Peaceful Protest with Violent Respones
folkbabe,
I am curious, if a group protested peacefully and the protest was met with real bullets from 'officials' rather than rubber bullets, would that be a civil war?
I don't get the impression the that people in this thread want to 'justify' a civil war. I think some people see a time when education, voting, protest, legal challenges and civil disobedience may not answer.
I do not want to ever have conflict more extreme than spirited debate. But I do sometimes wonder what other people are capable of in the pursuit of their own agenda.
My central piece of concern on this questioning is the extensive scholarly work done by R. Rummel. His findings are important to everyone. Especially someone like you who values the benefits of a free society.

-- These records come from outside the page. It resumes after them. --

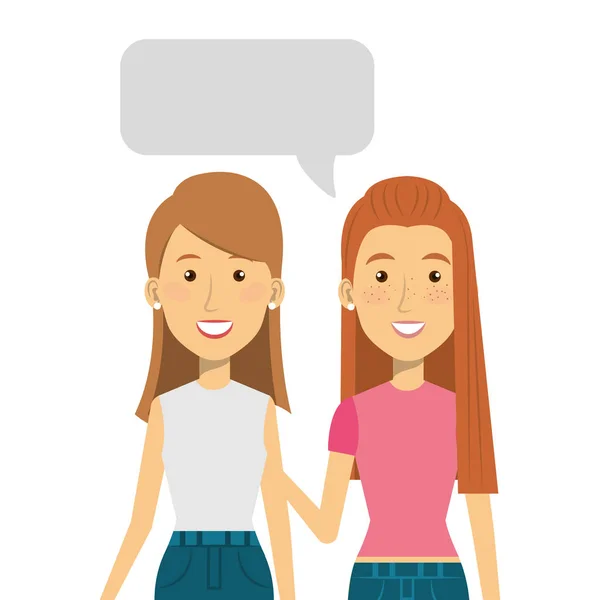 Fiatal lányok barátok beszédbuborék — Stock Vector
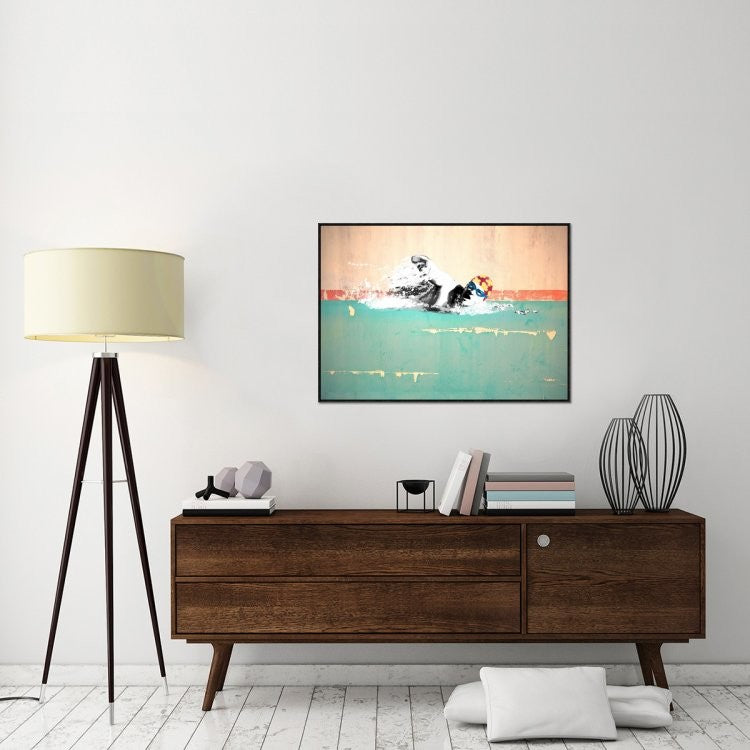 "Swim on! Bronx, NYC" Framed Canvas Giclee by Masterfunk Collective, 41x29"
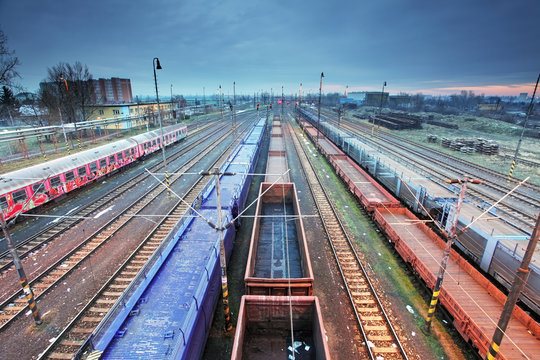 Freight Station with trains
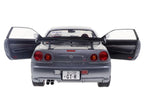 1999 Nissan Skyline GT-R (R34) RHD (Right Hand Drive) Silver Metallic with Purple Wheels 1/18 Diecast Model Car by Solido-2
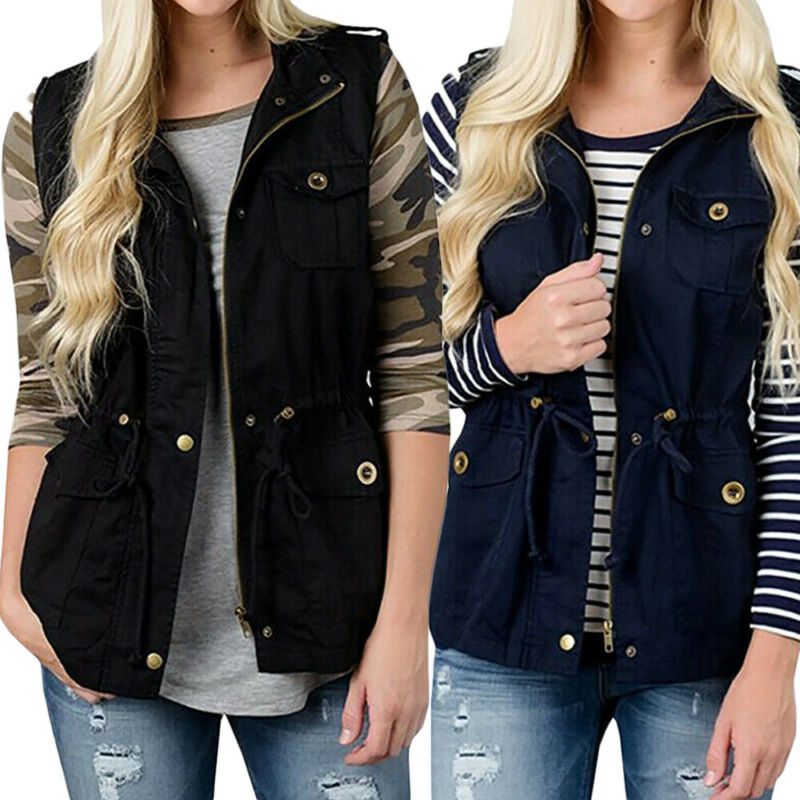 Fashion Women Vest Olive Cargo Utility Safari Vest W Pockets Drawstring Army Top Jacket Coat Casual Streetwear, Red
Fashion Women Vest Olive Cargo Utility Safari Vest W Pockets Drawstring Army Top Jacket Coat Casual Streetwear, Red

Rummel finds that the more free and democratic a society is the less violence it commits, both against other countries and it's own citizens. He finds that the governments who excercise more control (as opposed to free) kill thier own citizens more. In the 20th century he estimates governments have murdered 169,000,000 from 1900-1987, OUTSIDE OF WAR!! (
http://www.freedomsnest.com/rummel_totals.html and
http://www2.hawaii.edu/~rummel/welcome.html ).
The countries that are identified as having more 'controlled' governments have killed the most. I am terming 'controlled' as the scheme that has government control what jobs people may have and that redistributes the benefits from working to others USSR, China etc. These controlled societies have always had the professed goals of helping 'the people'.

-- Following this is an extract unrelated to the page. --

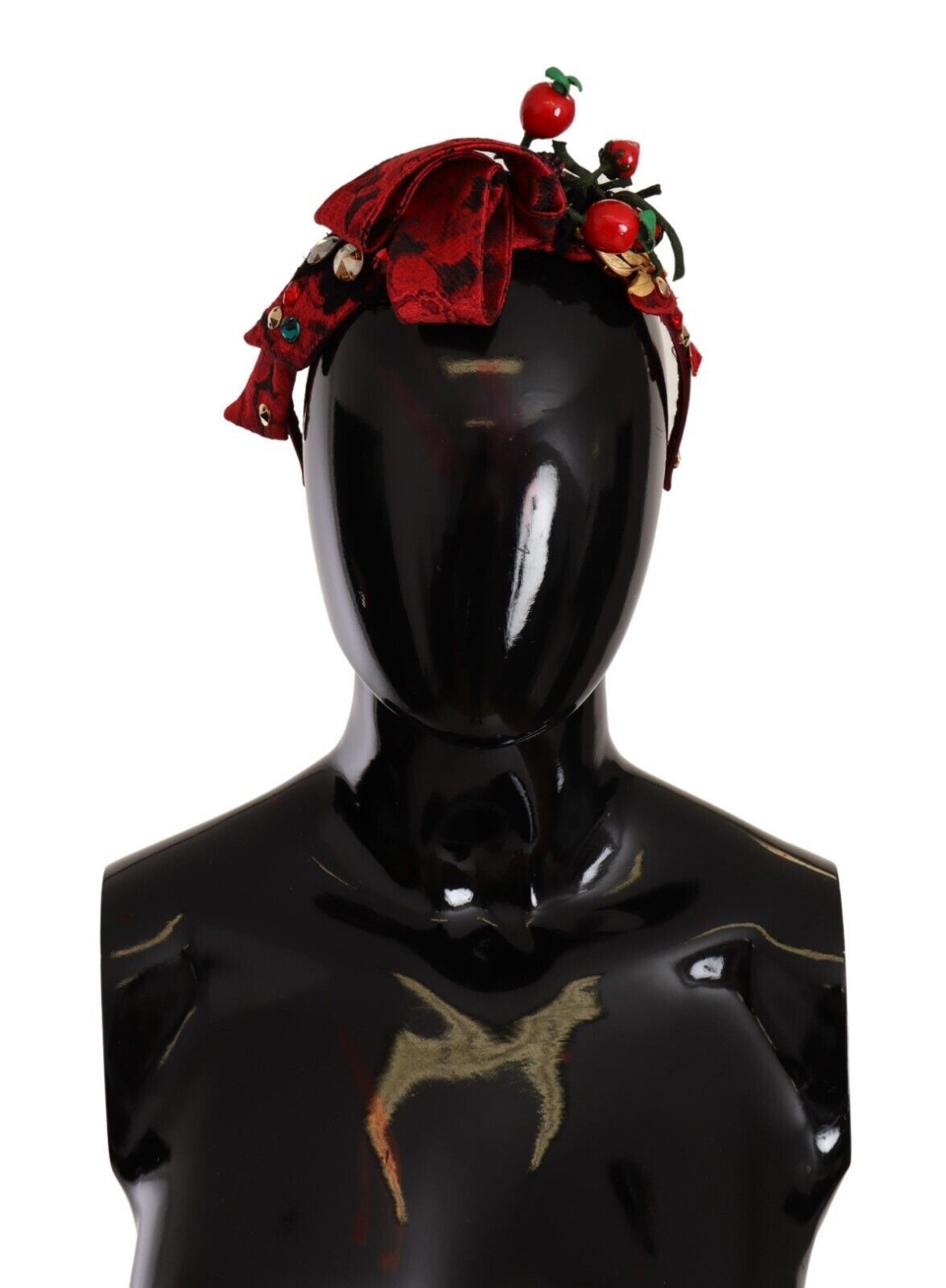 Dolce & Gabbana Red Tiara Berry Fruit Crystal Bow Hair Diadem Headband-1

Thus, based on very solid historical precedent, I distrust a powerful government. I do _not_ argue that the U.S. is in the same category as Cambodia under Pol Pot, rather I argue that I never want it to get on that side of the political balance. I want it to be more free, rather than less free, so it will not move to the tragic position that has caused such horrific suffering in so much of the rest of the world.
Finally, I view the ability for ordinary citizens to posses firearms without governmental approval as the indicator of free society. It is the canary in the mineshaft. As governments feel the need to control the access of the ordinary citizen to firearms, it seems (historically) to move inexorably to restrict other essential freedoms, many of which, you as an activist, must dearly love, and depend on.

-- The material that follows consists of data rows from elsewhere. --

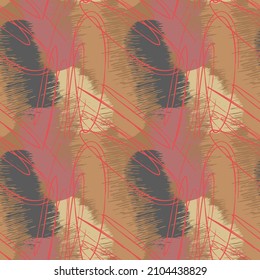 Seamless abstract unusual pattern with chaotic grunge lines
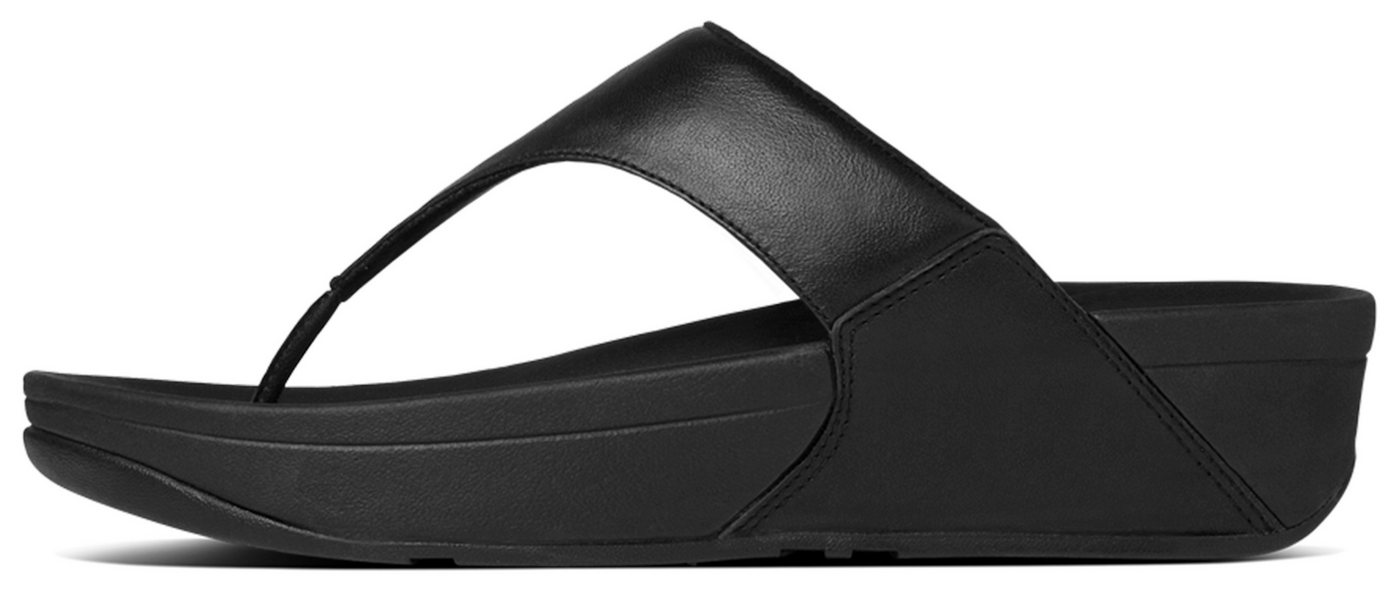 FitFlop LULU LEATHER TOEPOST Dianette Zehentrenner, Pool Slides, Pantolette, Badeschuh mit Keilabsatz (schwarz)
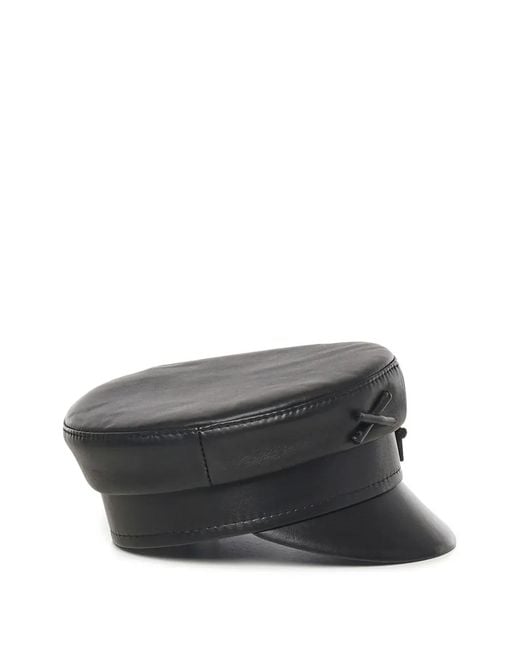 Ruslan Baginskiy Black Leather Cross-Detail Hat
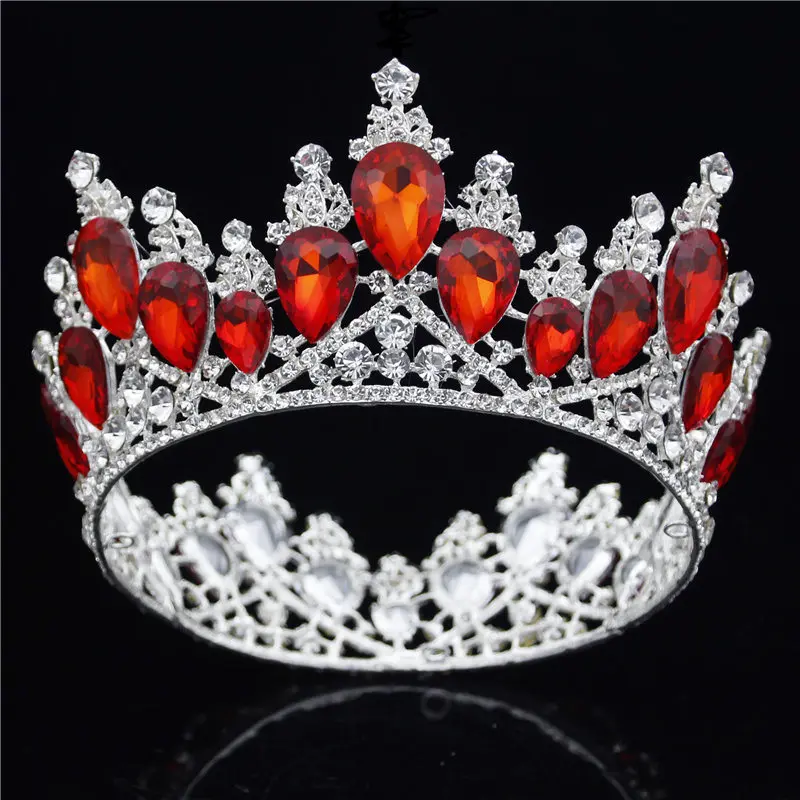 Потрясающая Серебряная кристальная полная круглая Корона невесты, роскошная свадебная диадема, корона для невесты, ювелирные украшения для волос, аксессуары - Окраска металла: Silver Red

If I am correct, and I think Rummel's evidence is incontrovertible (my own theory of guns as the canary of freedom still needs more evidence but I think it will be developed), then all people who want to reduce violence should support the right to firearms ownership.
Are you convinced?
Read Rummel (at least a little).
"INTRODUCTION
It is true that democratic freedom is an engine of economic development and welfare. Hardly known, however, is that freedom also saves millions of lives from war, collective violence, and democide (genocide and mass murder). That is, the more freedom, the less violence. Conversely, the more power at the center, the more violence. In short: power kills.
The purpose of this web site, then, is to make as widely available as possible my theory, work, results, and data that empirically and historically, quantitatively and qualitatively, support this conclusion about freedom. This is to invite their use, replication, and critical evaluation, and thereby to advance our knowledge of and confidence in freedom--in liberal democracy."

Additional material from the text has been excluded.